Single text vector embedding

import { embed } from "easy-embeddings";

// single embedding, german embedding model
const embedding: EmbeddingResponse = await embed("Hallo, Welt!", "mixedbread-ai", {
  model: "mixedbread-ai/deepset-mxbai-embed-de-large-v1",
  normalized: true,
  dimensions: 512,
}, { apiKey: import.meta.env[`mixedbread-ai_api_key`] })

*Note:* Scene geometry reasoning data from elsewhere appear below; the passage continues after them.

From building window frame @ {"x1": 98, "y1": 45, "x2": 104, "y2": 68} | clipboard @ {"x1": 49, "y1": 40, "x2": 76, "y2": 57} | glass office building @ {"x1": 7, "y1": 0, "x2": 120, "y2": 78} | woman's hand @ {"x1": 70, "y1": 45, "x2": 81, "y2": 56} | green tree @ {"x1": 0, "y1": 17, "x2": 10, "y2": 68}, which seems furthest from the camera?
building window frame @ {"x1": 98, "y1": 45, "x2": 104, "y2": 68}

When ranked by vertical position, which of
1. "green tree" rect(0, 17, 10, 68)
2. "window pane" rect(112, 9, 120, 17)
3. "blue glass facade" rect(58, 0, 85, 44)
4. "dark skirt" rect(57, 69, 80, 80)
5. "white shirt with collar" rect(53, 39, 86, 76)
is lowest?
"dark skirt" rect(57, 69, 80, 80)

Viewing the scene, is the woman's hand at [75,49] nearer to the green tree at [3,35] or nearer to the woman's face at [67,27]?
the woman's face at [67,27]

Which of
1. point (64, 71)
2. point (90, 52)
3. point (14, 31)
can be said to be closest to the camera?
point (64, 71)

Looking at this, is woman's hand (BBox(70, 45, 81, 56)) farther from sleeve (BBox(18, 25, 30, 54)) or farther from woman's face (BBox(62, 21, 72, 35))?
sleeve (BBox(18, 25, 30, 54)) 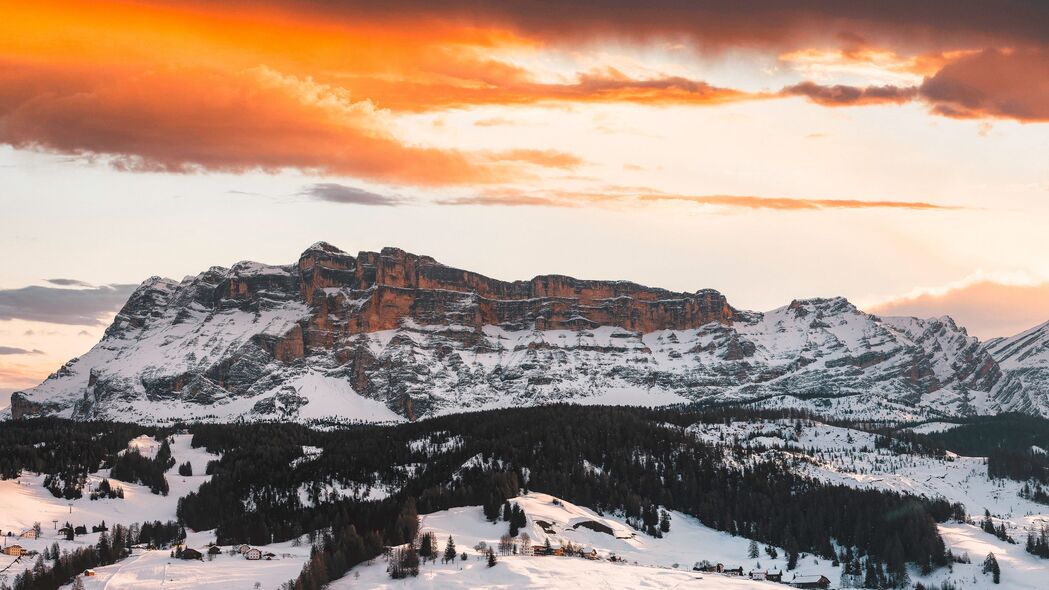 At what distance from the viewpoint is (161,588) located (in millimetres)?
184625

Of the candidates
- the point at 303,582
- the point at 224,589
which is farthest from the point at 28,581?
the point at 303,582

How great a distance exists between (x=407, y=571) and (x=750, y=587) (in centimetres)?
5144

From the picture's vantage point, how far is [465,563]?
19212 centimetres

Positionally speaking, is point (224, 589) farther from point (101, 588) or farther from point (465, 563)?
point (465, 563)

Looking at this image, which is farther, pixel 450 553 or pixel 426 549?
pixel 450 553

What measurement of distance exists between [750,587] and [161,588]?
8699 cm

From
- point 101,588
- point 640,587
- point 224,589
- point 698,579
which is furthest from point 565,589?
point 101,588

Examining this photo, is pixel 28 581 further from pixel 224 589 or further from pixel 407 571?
pixel 407 571

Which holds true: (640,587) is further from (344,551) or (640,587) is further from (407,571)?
(344,551)

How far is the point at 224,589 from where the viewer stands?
601ft

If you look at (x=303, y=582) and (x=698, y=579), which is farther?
(x=698, y=579)

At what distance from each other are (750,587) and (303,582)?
217ft

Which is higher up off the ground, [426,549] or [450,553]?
[426,549]

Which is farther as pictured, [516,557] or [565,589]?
[516,557]
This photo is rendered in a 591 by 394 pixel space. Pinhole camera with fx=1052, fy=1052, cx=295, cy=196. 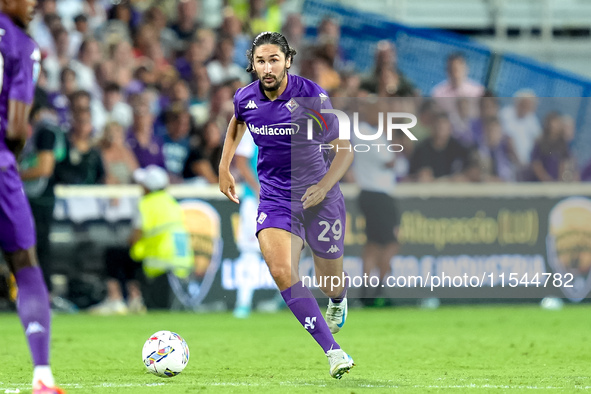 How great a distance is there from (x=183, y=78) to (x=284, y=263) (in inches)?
361

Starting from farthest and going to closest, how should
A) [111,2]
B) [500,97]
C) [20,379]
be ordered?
1. [111,2]
2. [500,97]
3. [20,379]

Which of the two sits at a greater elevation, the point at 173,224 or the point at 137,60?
the point at 137,60

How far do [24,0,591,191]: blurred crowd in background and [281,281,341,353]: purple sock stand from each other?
645 centimetres

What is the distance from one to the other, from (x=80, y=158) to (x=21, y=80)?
816cm

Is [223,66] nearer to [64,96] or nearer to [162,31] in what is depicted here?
[162,31]

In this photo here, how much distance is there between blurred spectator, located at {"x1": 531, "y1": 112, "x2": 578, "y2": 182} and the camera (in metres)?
14.5

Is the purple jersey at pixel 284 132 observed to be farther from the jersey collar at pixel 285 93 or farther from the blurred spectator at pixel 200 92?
the blurred spectator at pixel 200 92

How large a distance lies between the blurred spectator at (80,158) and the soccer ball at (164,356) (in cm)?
646

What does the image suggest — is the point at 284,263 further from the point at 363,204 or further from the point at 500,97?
the point at 500,97

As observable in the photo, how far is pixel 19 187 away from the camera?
18.3 feet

Multi-text vector embeddings

import { embed } from "easy-embeddings";

// single embedding, german embedding model
const embedding: EmbeddingResponse = await embed(["Hello", "World"], "openai", {
  model: "text-embedding-3-small"
}, { apiKey: import.meta.env[`openai_api_key`] })

Local inference

import { embed } from "easy-embeddings";

// single embedding, german embedding model
const embedResult = await embed(
  ["query: Foo", "passage: Bar"],
  "local",
  {
    // https://huggingface.co/intfloat/multilingual-e5-small
    model: "Xenova/multilingual-e5-small",
    modelParams: {
      pooling: "mean",
      normalize: true, // so a single dot product of two vectors is enough to calculate a similarity score
      quantize: true, // use a quantized variant (more efficient, little less accurate)
    },
  },
  {
    modelOptions: {
      hideOnnxWarnings: false, // show warnings as errors in case ONNX runtime has a bad time
      allowRemoteModels: false, // do not download remote models from huggingface.co
      allowLocalModels: true,
      localModelPath: "/models", // loads the model from public dir subfolder "models"
      onnxProxy: false,
    },
  },
);

Advanced: Using a custom WASM runtime loader

import { embed } from "easy-embeddings";
// @ts-ignore
import getModule from "./public/ort-wasm-simd-threaded.jsep";

// single embedding, german embedding model
const embedResult = await embed(
  ["query: Foo", "passage: Bar"],
  "local",
  {
    // https://huggingface.co/intfloat/multilingual-e5-small
    model: "Xenova/multilingual-e5-small",
    modelParams: {
      pooling: "mean",
      normalize: true, // so a single dot product of two vectors is enough to calculate a similarity score
      quantize: true, // use a quantized variant (more efficient, little less accurate)
    },
  },
  {
    importWasmModule:  async (
      _mjsPathOverride: string,
      _wasmPrefixOverride: string,
      _threading: boolean,
    ) => {
      return [
        undefined,
        async (moduleArgs = {}) => {
          return await getModule(moduleArgs);
        },
      ];
    },
    modelOptions: {
      hideOnnxWarnings: false, // show warnings as errors in case ONNX runtime has a bad time
      allowRemoteModels: false, // do not download remote models from huggingface.co
      allowLocalModels: true,
      localModelPath: "/models", // loads the model from public dir subfolder "models"
      onnxProxy: false,
    },
  },
);

Download models locally

You might want to write and execute a script to manually download a model locally:

import { downloadModel } from "easy-embeddings/tools";

// downloads the model into the models folder
await downloadModel('Xenova/multilingual-e5-small', 'public/models')

Help improve this project!

Setup

Clone this repo, install the dependencies (bun is recommended for speed), and run npm run test to verify the installation was successful. You may want to play with the experiments.